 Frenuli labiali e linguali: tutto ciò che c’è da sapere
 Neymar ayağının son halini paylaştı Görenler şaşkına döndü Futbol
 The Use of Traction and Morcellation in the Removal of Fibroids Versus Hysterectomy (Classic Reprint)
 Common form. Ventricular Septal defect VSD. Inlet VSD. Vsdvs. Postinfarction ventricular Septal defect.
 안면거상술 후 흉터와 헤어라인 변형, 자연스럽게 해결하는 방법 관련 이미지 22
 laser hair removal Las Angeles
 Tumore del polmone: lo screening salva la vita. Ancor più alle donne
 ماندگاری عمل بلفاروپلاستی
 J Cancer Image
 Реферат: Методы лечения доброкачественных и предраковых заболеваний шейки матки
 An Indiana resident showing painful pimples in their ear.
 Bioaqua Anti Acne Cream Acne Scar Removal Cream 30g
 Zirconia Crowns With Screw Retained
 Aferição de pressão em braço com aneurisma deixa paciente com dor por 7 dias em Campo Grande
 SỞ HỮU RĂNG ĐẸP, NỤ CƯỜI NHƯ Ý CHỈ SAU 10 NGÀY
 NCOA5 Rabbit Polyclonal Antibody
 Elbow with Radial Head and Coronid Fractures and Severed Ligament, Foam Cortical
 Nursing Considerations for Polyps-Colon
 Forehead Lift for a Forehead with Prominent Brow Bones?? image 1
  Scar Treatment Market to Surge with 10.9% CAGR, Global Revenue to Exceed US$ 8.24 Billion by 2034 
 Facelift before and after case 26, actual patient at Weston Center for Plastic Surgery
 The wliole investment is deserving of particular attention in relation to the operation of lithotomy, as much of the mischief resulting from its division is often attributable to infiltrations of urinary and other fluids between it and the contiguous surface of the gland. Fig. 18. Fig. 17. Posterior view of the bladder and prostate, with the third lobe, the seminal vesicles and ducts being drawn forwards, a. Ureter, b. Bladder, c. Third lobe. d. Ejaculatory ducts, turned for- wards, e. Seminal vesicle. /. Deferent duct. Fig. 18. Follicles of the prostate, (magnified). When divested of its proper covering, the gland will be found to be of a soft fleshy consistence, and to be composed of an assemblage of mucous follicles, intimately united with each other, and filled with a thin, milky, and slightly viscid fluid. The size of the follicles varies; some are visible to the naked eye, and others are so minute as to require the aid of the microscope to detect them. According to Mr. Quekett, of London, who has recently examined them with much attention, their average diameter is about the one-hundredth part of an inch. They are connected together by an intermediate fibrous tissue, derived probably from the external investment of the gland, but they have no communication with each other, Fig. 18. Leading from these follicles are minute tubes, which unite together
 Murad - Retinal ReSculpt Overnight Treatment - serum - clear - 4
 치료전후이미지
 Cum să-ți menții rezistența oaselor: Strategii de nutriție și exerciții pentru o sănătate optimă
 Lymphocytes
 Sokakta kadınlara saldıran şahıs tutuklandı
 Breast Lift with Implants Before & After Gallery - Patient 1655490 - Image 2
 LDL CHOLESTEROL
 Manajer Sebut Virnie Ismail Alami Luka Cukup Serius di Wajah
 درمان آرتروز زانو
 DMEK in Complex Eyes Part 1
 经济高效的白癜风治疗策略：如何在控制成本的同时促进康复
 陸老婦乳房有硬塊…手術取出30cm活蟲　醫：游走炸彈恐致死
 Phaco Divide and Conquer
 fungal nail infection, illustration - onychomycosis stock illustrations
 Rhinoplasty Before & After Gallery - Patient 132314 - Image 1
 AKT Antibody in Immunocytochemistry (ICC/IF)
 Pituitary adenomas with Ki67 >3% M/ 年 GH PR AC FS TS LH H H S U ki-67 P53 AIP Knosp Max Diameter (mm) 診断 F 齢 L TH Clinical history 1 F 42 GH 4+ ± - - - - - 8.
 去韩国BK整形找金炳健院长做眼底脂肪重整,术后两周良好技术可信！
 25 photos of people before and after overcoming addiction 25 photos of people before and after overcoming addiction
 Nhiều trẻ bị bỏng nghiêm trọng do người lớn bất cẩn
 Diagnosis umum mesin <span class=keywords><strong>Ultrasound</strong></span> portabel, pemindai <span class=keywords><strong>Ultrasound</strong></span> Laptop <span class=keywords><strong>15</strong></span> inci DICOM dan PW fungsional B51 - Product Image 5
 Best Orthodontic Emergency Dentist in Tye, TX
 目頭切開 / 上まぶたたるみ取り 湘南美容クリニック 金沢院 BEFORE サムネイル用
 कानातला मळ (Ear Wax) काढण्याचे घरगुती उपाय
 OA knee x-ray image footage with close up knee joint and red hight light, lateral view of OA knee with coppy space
◆ ◆ ◆ ◆
The task
Only those lines of the entries above that run from the line containing "Zirconia Crowns With Screw Retained" to the line containing "Forehead Lift for", both included, should be transcribed exactly.

Solution
 Zirconia Crowns With Screw Retained
 Aferição de pressão em braço com aneurisma deixa paciente com dor por 7 dias em Campo Grande
 SỞ HỮU RĂNG ĐẸP, NỤ CƯỜI NHƯ Ý CHỈ SAU 10 NGÀY
 NCOA5 Rabbit Polyclonal Antibody
 Elbow with Radial Head and Coronid Fractures and Severed Ligament, Foam Cortical
 Nursing Considerations for Polyps-Colon
 Forehead Lift for a Forehead with Prominent Brow Bones?? image 1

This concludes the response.